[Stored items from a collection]
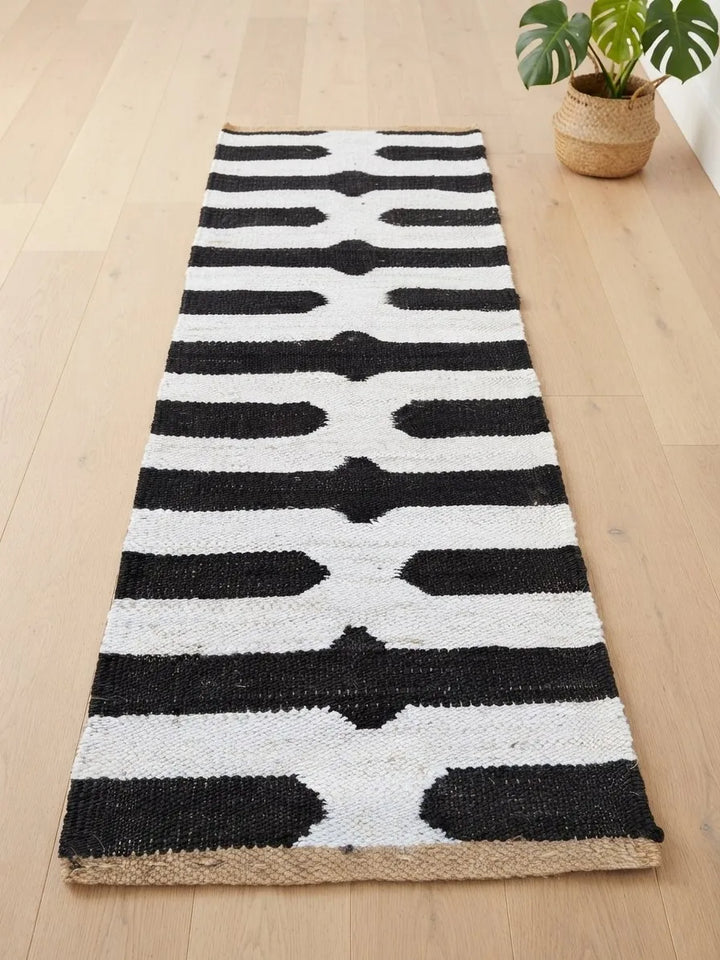 Handmade Black Linear Hemp-Jute Runner – Modern Diamond Passage Rug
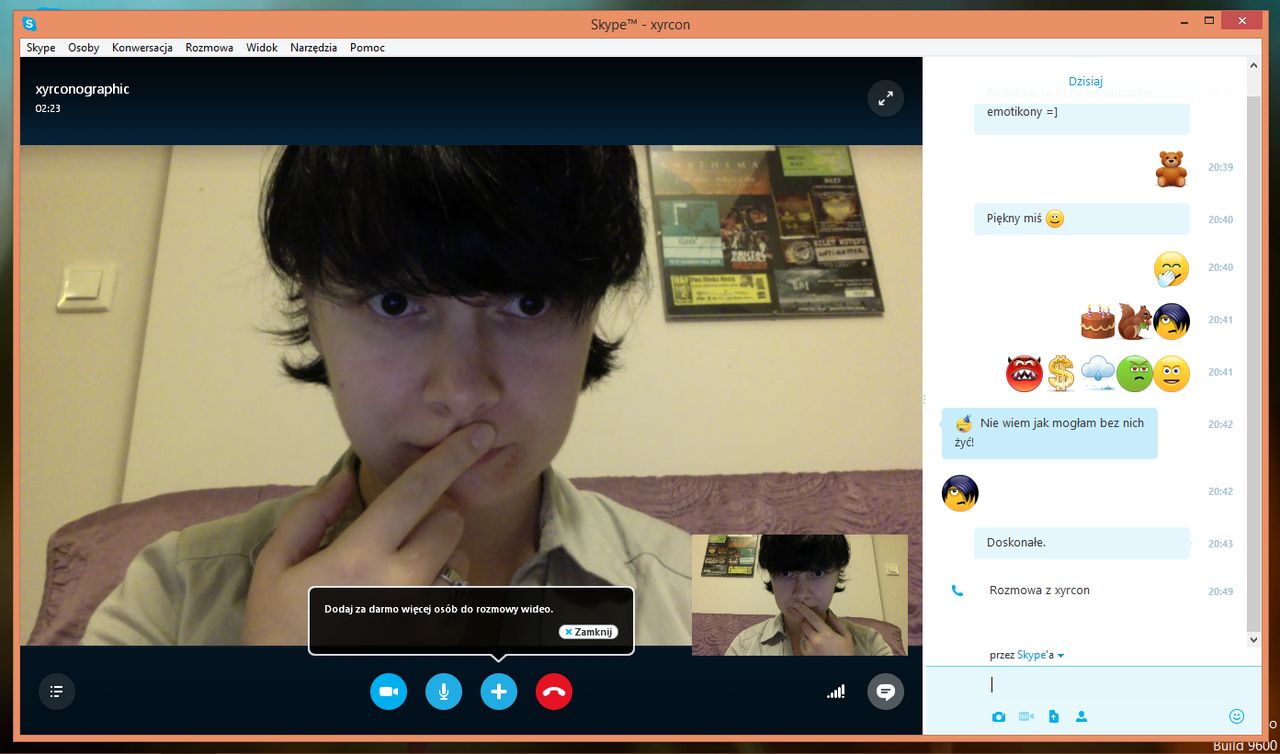 Skype zyskał nowe okno czatu, lepsze rozmowy grupowe i… utuczone emotikony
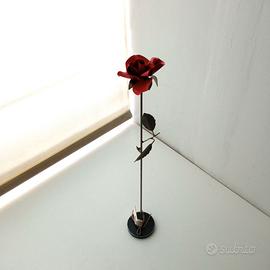 LA ROSA DEL GIARDINO PROIBITO/ FIORI DI LATTA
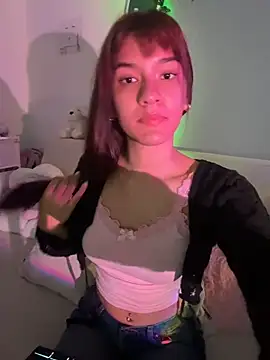 sofiCherry_ élő chatszobája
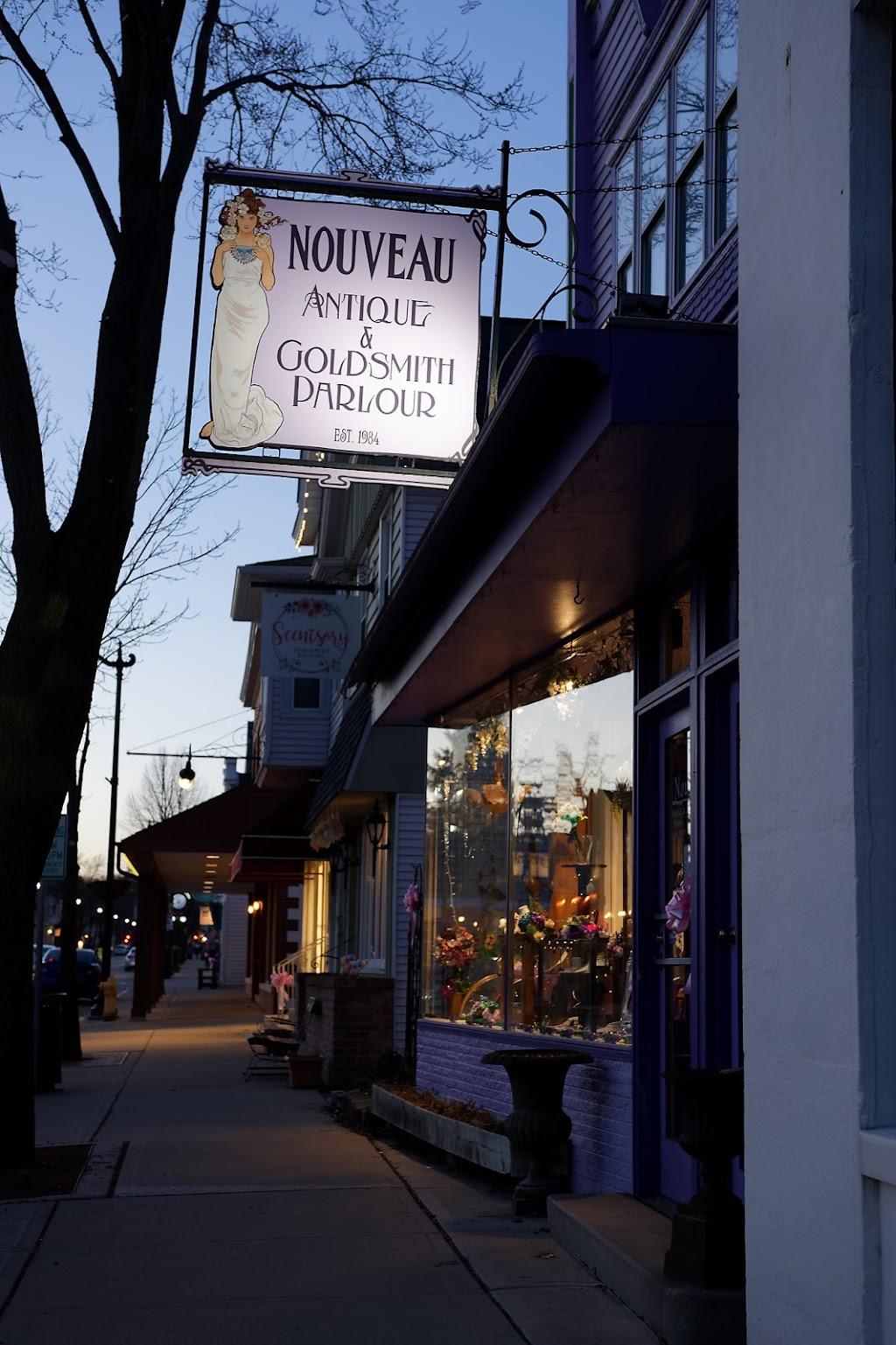 Nouveau Antique Jewelry | W62N594 Washington Ave, Cedarburg, WI 53012, USA | Phone: (262) 375-4568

■ Exercise objective:
Reproduce the data in full. Do not carry over any picture.

■ Solved exercise:
 Handmade Black Linear Hemp-Jute Runner – Modern Diamond Passage Rug
 Skype zyskał nowe okno czatu, lepsze rozmowy grupowe i… utuczone emotikony
 LA ROSA DEL GIARDINO PROIBITO/ FIORI DI LATTA
 sofiCherry_ élő chatszobája
 Nouveau Antique Jewelry | W62N594 Washington Ave, Cedarburg, WI 53012, USA | Phone: (262) 375-4568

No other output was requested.